Stefan Kießling ist mit Sicherheit der Bundesliga-Spieler, über den der laufenden Saison am meisten diskutiert wurde. Dabei geht es aber nur noch selten um seine zahlreichen Treffer.

Leverkusen. Interviews gibt Stefan Kießling seit einiger Zeit nur noch unter der Prämisse, „nicht über die Nationalmannschaft zu reden“. Seit Freitag steht für den Stürmer von Bayer Leverkusen ein zweites Thema auf dem Index: sein Phantomtor in Hoffenheim. Doch je weniger der 29-Jährige selbst reden will, desto mehr reden andere über ihn.

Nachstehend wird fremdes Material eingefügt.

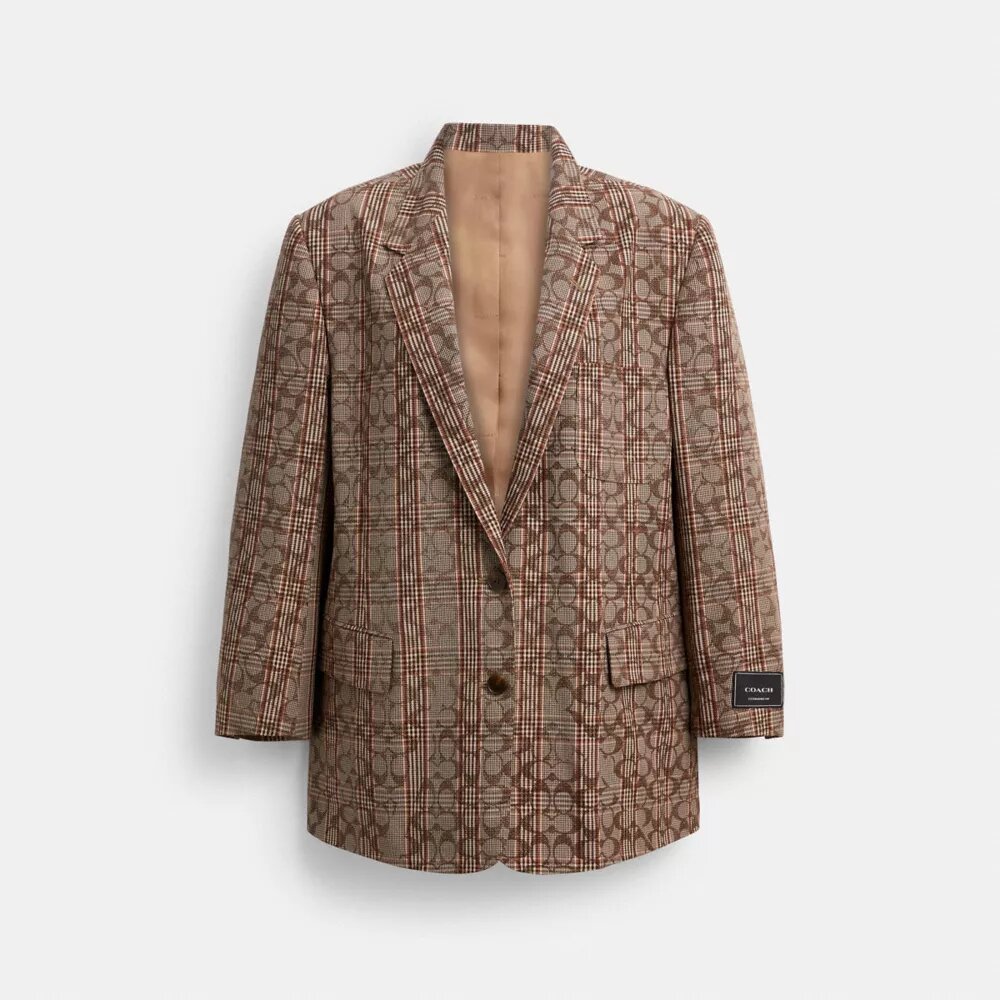 Blazer de un solo botonadura con estampado de cuadros «Signature C»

Keine Frage: Kießling ist in dieser Saison mit Sicherheit der polarisierendste Spieler der Bundesliga, in den Diskussionen am Stammtisch ist er Stammgast. Seine zahlreichen Tore - Kießling ist Torschützenkönig der vergangenen Saison und erfolgreichster Stürmer im Jahr 2013 - spielen dabei meist nur eine Nebenrolle. Zuerst wollten ihn die meisten der „80 Millionen Bundestrainer“ in die Nationalelf reden, nun fallen sie wegen angeblich mangelnden Fair Plays über ihn her.

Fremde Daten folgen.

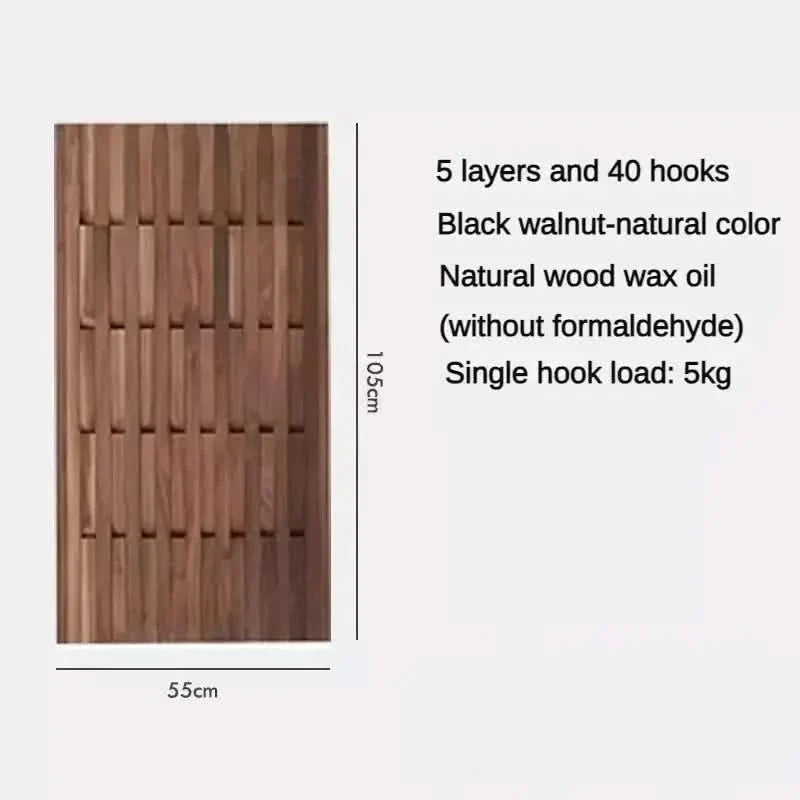 Dark Wallnut Wood Piano Wall Hanging Coats Organiser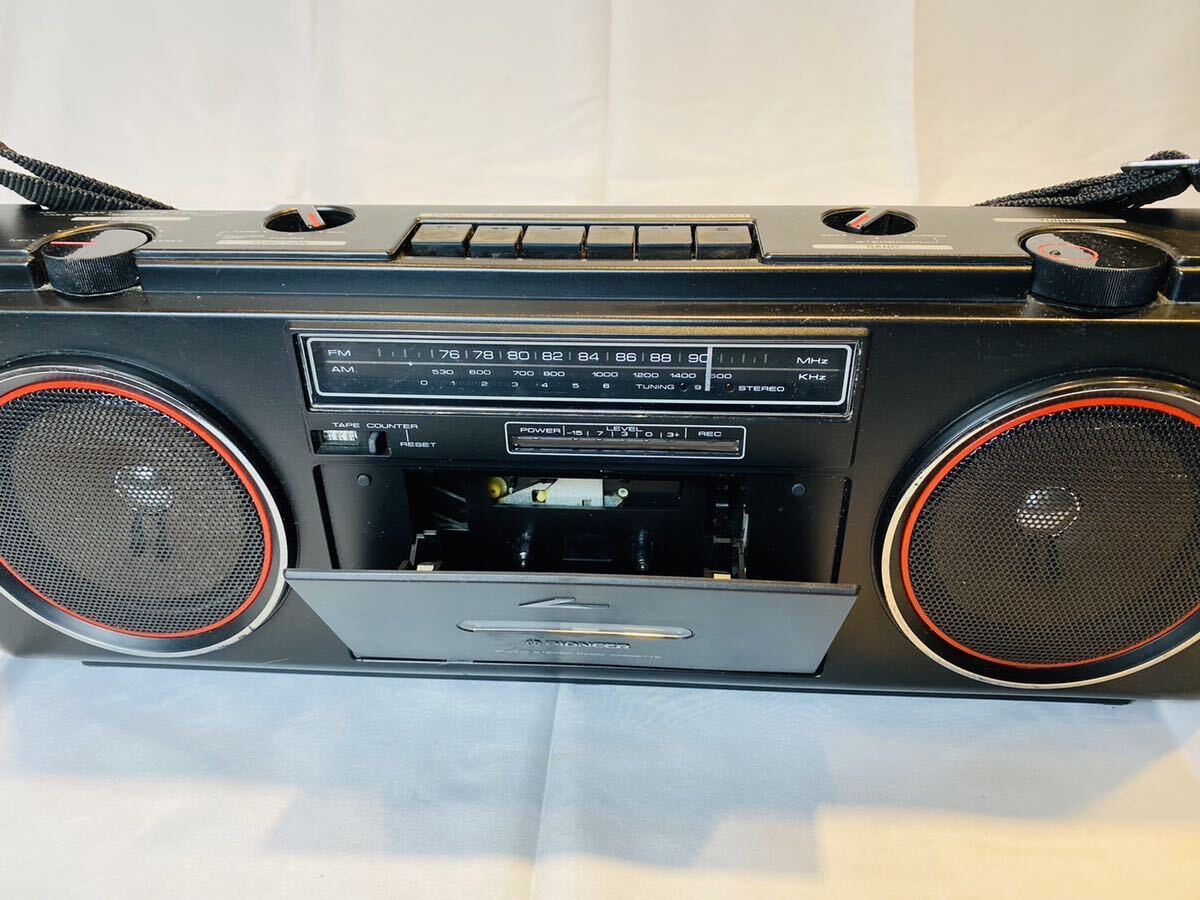 PIONEER パイオニア FM/AM ステレオラジオカセット ブラック SK-200BK 通電確認のみ ラジカセ ビンテージ _画像1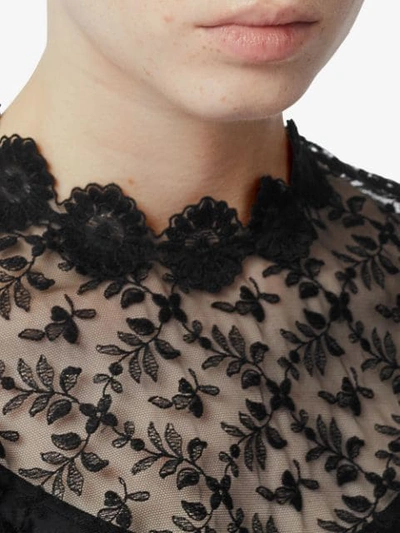 Shop Burberry Floral Embroidered Tulle Dress In Black
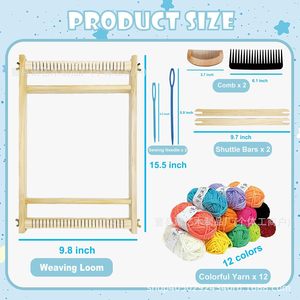Wooden Loom <b>Diy</b> Craft <b>Kit</b> For Girls Home Use Tapestry Weaving Machine With 12 Colorful Yarns - Product Image 3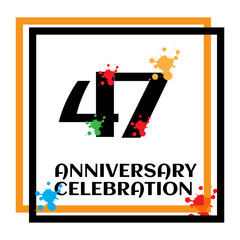 47 anniversary logo vector template. Design for banner, greeting cards or print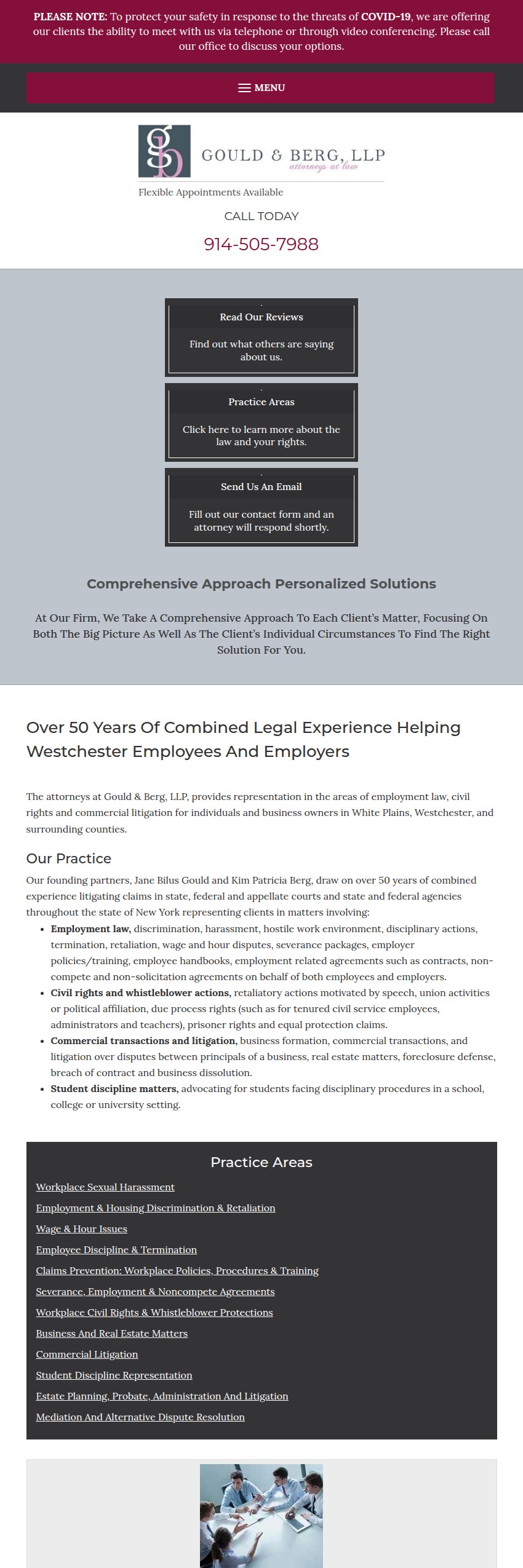 Screenshot of the Gould & Berg, LLP website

Zum zweiten Mal innerhalb weniger Monate ist eine Diskussion um „Kieß“ regelrecht zum Politikum geworden. Für Kießling selbst ist das alles nicht leicht. Schon als sich zahlreiche Fans und Experten für sein Comeback in der Nationalelf stark machten, wurde ihm das irgendwann alles zu viel. Der Torjäger versuchte den Befreiungsschlag, indem er - wenn auch mit Hintertürchen - klarstellte, dass es „den Nationalspieler Kießling unter Löw nicht mehr geben“ werde.

„Kießling ist sicher kein Kandidat für den Fair-Play-Preis“

Das Thema ist gerade etwas abgeebbt, Bundestrainer Joachim Löw hat ihn wieder links liegen lassen, eine Rückkehr scheint ausgeschlossen - da steht der gebürtige Franke schon wieder im Mittelpunkt einer hitzigen Debatte. Sein Kopfball in Hoffenheim war neben das Tor und durch ein kleines Loch ins Netz geflogen. Kießling hatte schon frustriert abgedreht und sich dann doch überzeugen lassen, Torschütze zu sein.

Seitdem wird nicht nur darüber diskutiert, ob das Spiel wiederholt werden muss, sondern auch darüber, ob Kießling nicht klar gesehen haben müsste, dass der Ball neben das Tor gegangen war. Zahlreiche Experten kritisieren ihn. So Harald Deneken, der Präsident der Deutschen Olympischen Gesellschaft („Kießling ist sicher kein Kandidat für den Fair-Play-Preis“), der langjährige Bundesliga-Trainer Ralf Rangnick („Er hat eine große Chance vertan, was für das Fair Play zu tun“) oder auch Ex-Schiedsrichter Hans-Joachim Osmers („Fair Play wäre Kießlings Pflicht und Schuldigkeit gewesen“).

„Die ganze Mannschaft steht hinter mir“

Kießling beteuerte, es nicht genau gesehen zu haben. Und eine Lippenleserin wollte gar erkannt haben, er habe Schiedsrichter Felix Brych gesagt, dass der Ball am Außennetz gewesen sei. Dennoch war der eben noch euphorisch als Nationalstürmer geforderte „Kieß“ der böse Bube. Die Diskussionen nimmt er sich sehr zu Herzen.

„Die ganze Kritik in den letzten Tagen war ziemlich hart“, sagte der 29-Jährige im vereinseigenen TV - nur dort und bei Facebook hat er sich seit Freitagabend geäußert. „Die ganze Mannschaft steht hinter mir. Sie wissen, wie es in mir drin aussieht. Aber ich hoffe, dass sich das Ganze bald etwas legt.“ Vielleicht kann Stefan Kießling dann irgendwann wieder unbeschwert Interviews geben.